Emit a verbatim copy of the lines below from the line with "Urban Street Scene" through the line with "Luxury Big Tattoo", excluding pictures and everything outside that range.
*** Opening of AVAILABLE DATA ***
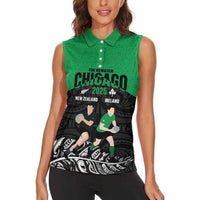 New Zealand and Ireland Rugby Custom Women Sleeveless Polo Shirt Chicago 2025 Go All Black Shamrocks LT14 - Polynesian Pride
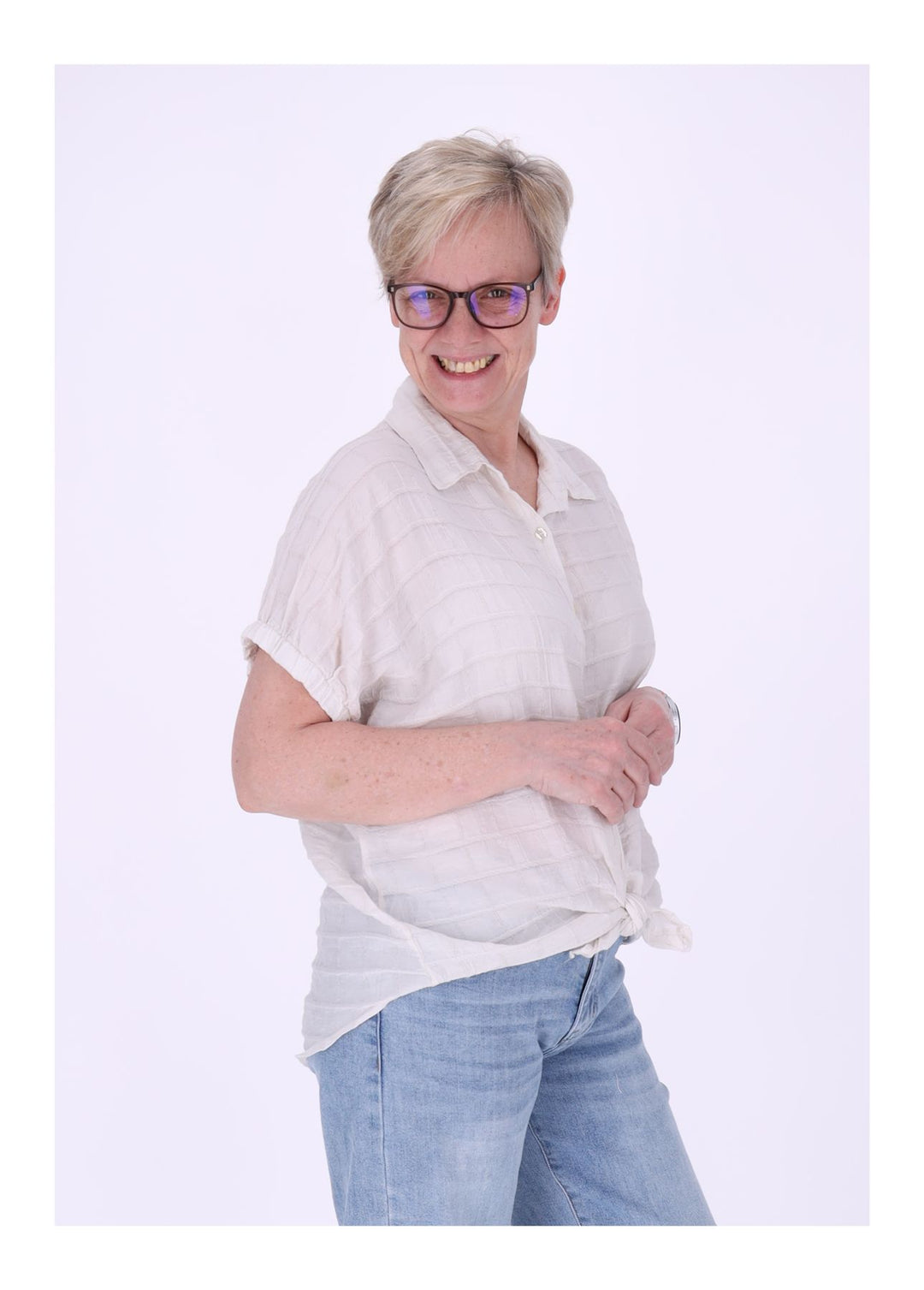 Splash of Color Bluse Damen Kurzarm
*** Close of AVAILABLE DATA ***
*** Opening of AVAILABLE DATA ***
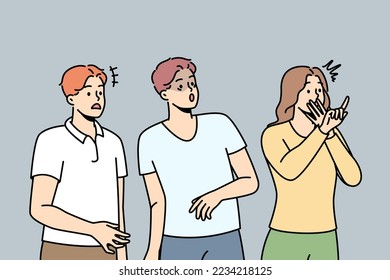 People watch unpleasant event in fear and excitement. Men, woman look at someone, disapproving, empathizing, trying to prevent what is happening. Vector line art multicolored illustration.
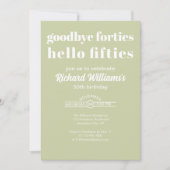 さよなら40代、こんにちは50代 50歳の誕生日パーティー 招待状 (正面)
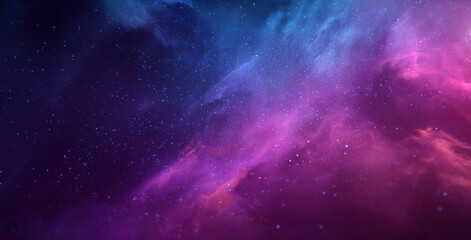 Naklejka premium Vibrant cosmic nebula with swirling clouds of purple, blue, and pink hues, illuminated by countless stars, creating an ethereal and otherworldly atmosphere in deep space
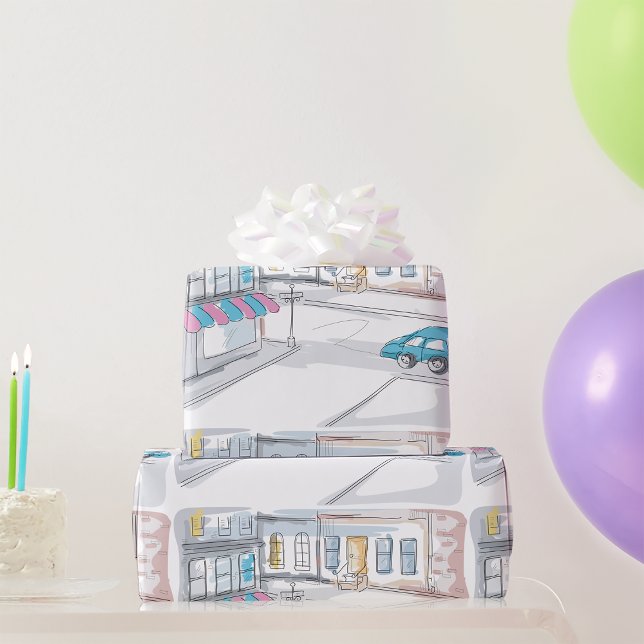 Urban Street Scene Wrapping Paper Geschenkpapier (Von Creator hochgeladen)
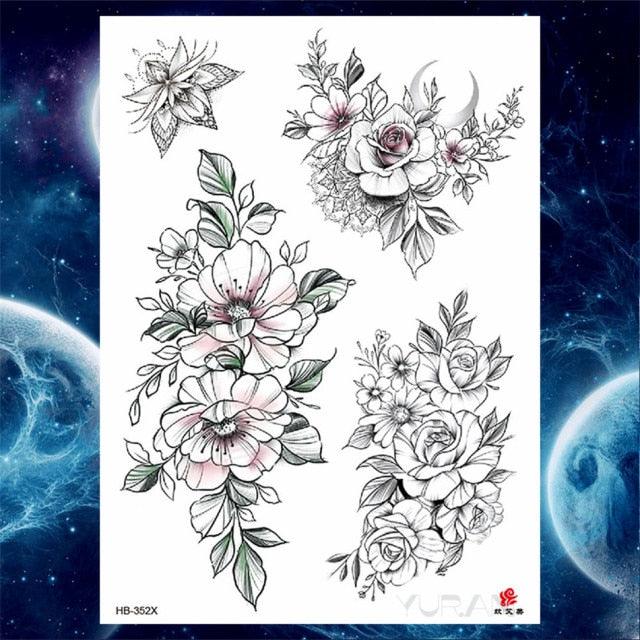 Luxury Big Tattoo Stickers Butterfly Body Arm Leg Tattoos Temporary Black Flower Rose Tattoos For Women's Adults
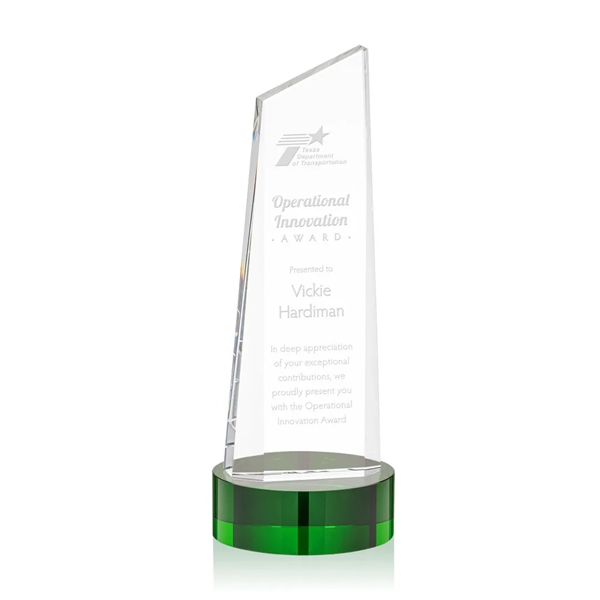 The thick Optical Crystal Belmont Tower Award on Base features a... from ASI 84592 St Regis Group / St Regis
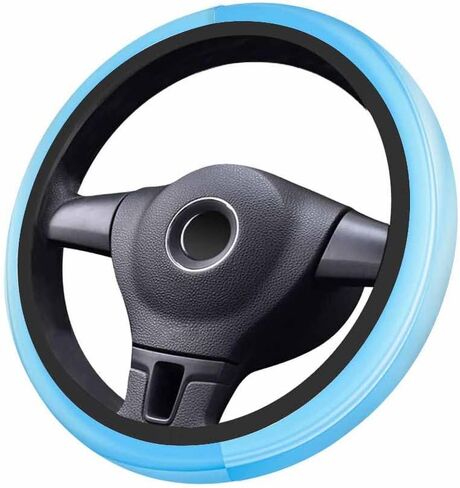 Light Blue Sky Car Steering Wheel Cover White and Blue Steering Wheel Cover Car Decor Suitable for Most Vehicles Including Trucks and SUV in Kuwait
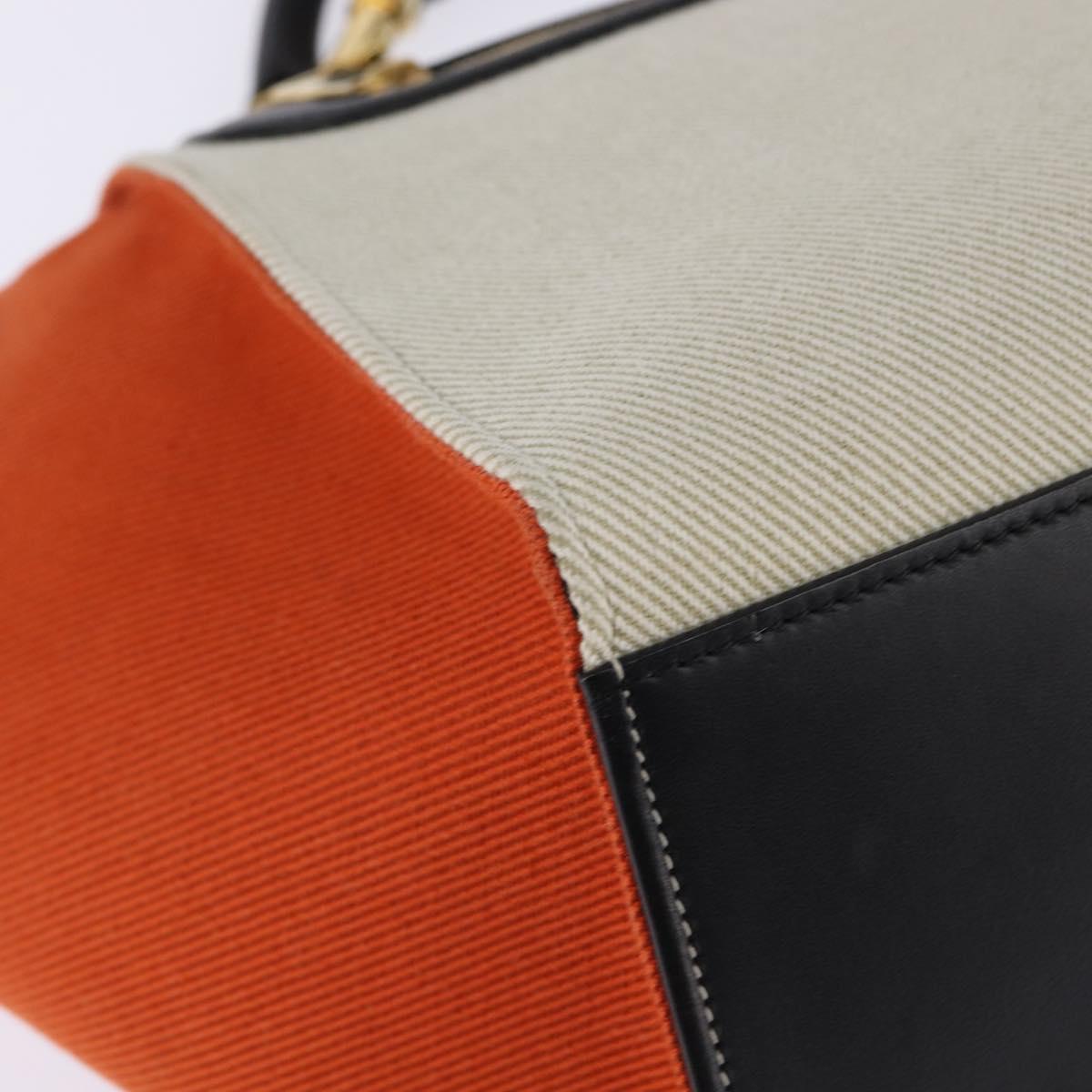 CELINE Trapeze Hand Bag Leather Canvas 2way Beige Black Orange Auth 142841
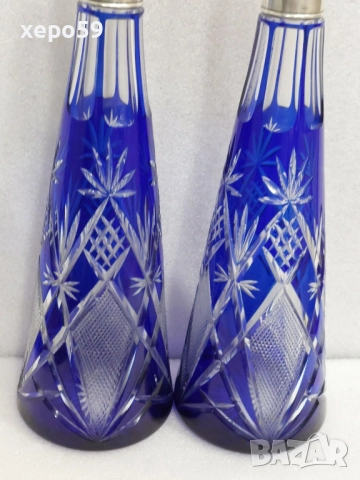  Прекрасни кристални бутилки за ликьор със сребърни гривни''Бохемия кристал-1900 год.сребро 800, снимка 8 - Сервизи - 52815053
*** Close of AVAILABLE DATA ***
▶ RESULT OF THIS TASK
 Urban Street Scene Wrapping Paper Geschenkpapier (Von Creator hochgeladen)
 Luxury Big Tattoo Stickers Butterfly Body Arm Leg Tattoos Temporary Black Flower Rose Tattoos For Women's Adults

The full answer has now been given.